Local Enterprise Partnerships – the story so far

 

Business strategyBy Heather Cameron

Following the abolition of the Regional Development Agencies in 2010, 39 local enterprise partnerships (LEPs) were established in England by 2012. Each was designed to represent a functional economic area and steer growth strategically in local communities. These business-led partnerships between the private sector and local authorities are central to government plans for local economic growth.

According to a new report from the National Audit Office (NAO), the role and remit of LEPs has expanded both significantly and rapidly but there are concerns over whether they have the capacity and capability to deliver.

Rapid growth

Since their inception, LEPs have rapidly developed from new start-up organisations to bidders and delivery managers for substantial amounts of national and European funding initiatives to strategic leaders of their local economies.

Between 2010 and 2015 total central government funding directed through LEPs was approximately £1.5 billion.

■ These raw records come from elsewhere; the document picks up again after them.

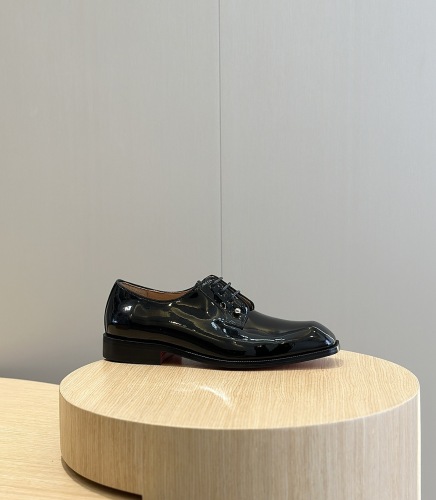 Men C*hristian L*ouboutin Loafer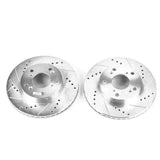 PowerStop JBR1551XPR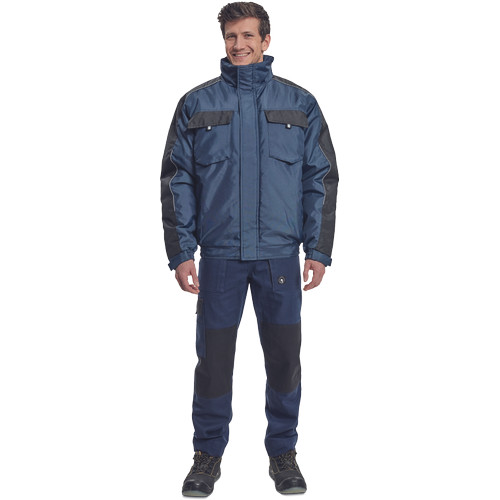 MAX NEO PILOT dzseki navy 2XL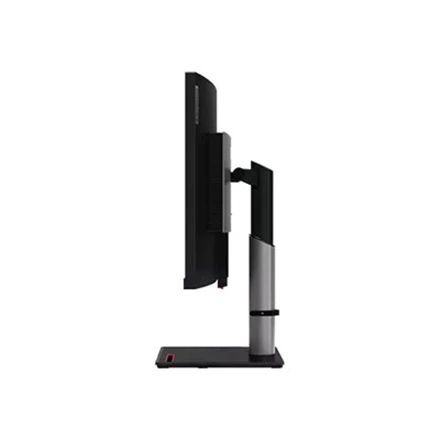 Monitorius Lenovo | ThinkVision | P40w-20 | 39.7 " | IPS | WUHD | 21:9 | 75 Hz | 4 ms | 5120 x 2160 | 300 cd/m² | HDMI jungtys quantity 1x HDMI2.0 | Juodas | Garantija 36 mėn.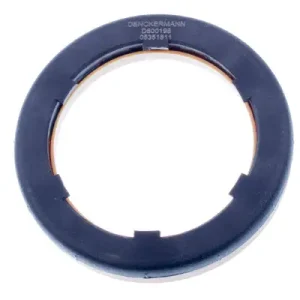 Top-Seller DENCKERMANN D600198 - Reparatursatz, Federbeinstützlager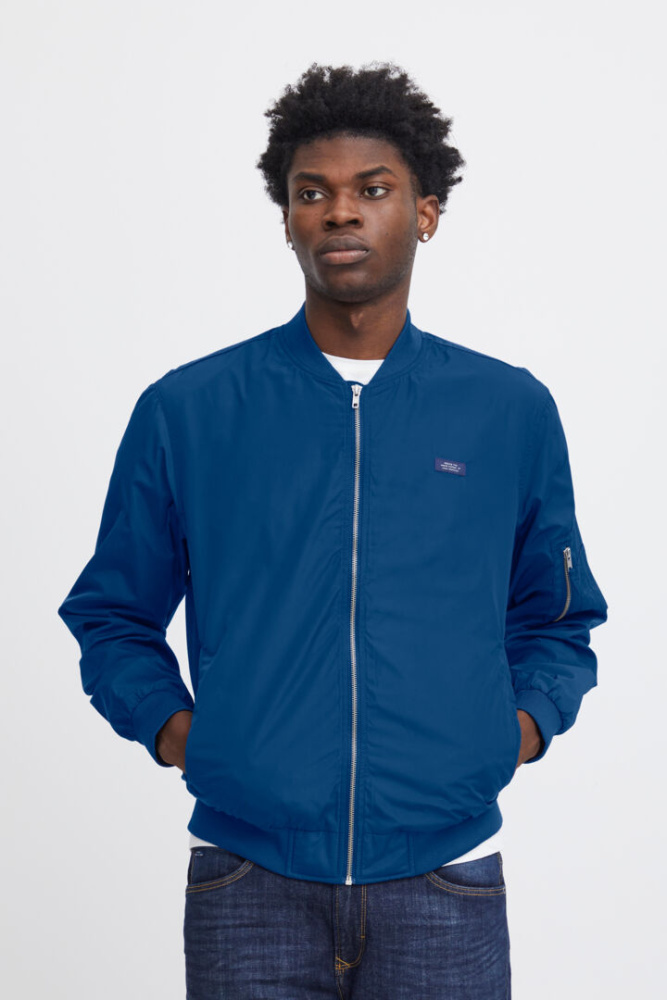 Hovedbilde Blend Jacket 20716736 - Navy Peony 194029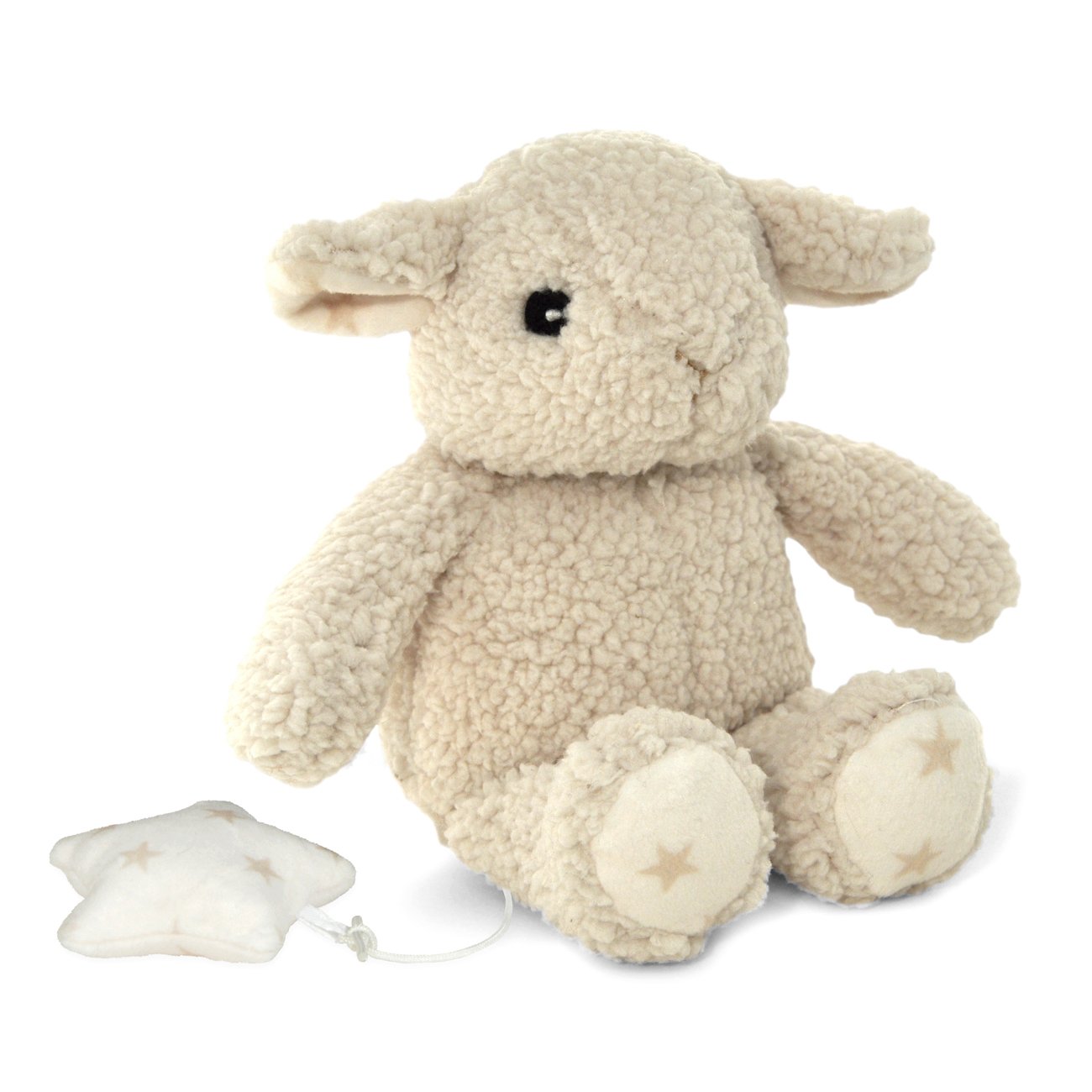 cloud b hugginz lamb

Through the Local Growth Fund, £12 billion will be available from 2015-16 to 2020-21. Growth Deals were agreed with each of the 39 LEPs in 2014, through which £6.3 billion of the Local Growth Fund was allocated. With a further £1 billion allocated in January 2015, the total to date is £7.3 billion. LEPs estimate that the Growth Deals combined will create up to 419,500 jobs and 224,300 housing units.

On the whole, LEPs have been perceived positively and are well established as the main agencies for promoting local growth.

Development has been anything but uniform, however, with a varied pace of evolution. Considering the differing levels of size, urbanisation, population, and existing infrastructure within the LEPs, this is no surprise.

The most advanced LEPs have been identified as those with a history of collaborative working. Greater Manchester leads the way, having already been given powers over skills, welfare and transport, and to be given new powers over the criminal justice system as announced in the 2016 Budget. Greater Manchester has been working in partnership since the 1980s through its local government association, and formally through its Combined Authority since 2011.

And according to a recent Localis report, including London, there are at least a third of LEPs based in and around urban areas which are or could soon be in a position to take on greater powers, with 2017/18 a feasible timeline for them to assume greater powers.

Uncertainty

Despite their rapid development and increased responsibility for substantial amounts of government funding, concerns have been raised over LEPs’ power, resources and accountability.

The NAO report found that only 5% of LEPs agreed that resources available to them are enough to meet government expectations. Additionally, 69% of LEPs reported that they did not have sufficient staff and 28% did not think that they had sufficiently skilled staff.

A survey by the Federation of Small Businesses in 2014 found that: there is a disparity in the levels of funding and capacity across LEPs; a lack of clarity on the remit, purpose and function of LEPs from government has resulted in widespread misunderstanding and friction in practice; and inconsistencies in performance monitoring across LEPs is hampering accountability to local stakeholders and hindering assessment of LEP performance nationally.

Further recent analysis argues that their role and influence are being compromised by a fragmented and changing landscape of economic development governance and the absence of any longer term vision and plan for their evolution.

Given this lack of long term vision and strategy, the fundamental tensions yet to be resolved and their institutional shortfalls and limitations in authority, accountability, capability and resources, the analysis concludes that many LEPs will struggle to exercise substantive influence on economic development at the local level.

Indeed, LEPs reported to the NAO that they were uncertain about their place in the wider devolved landscape. LEPs were also concerned that the government had not made clear their role in economic planning and development as devolution progresses.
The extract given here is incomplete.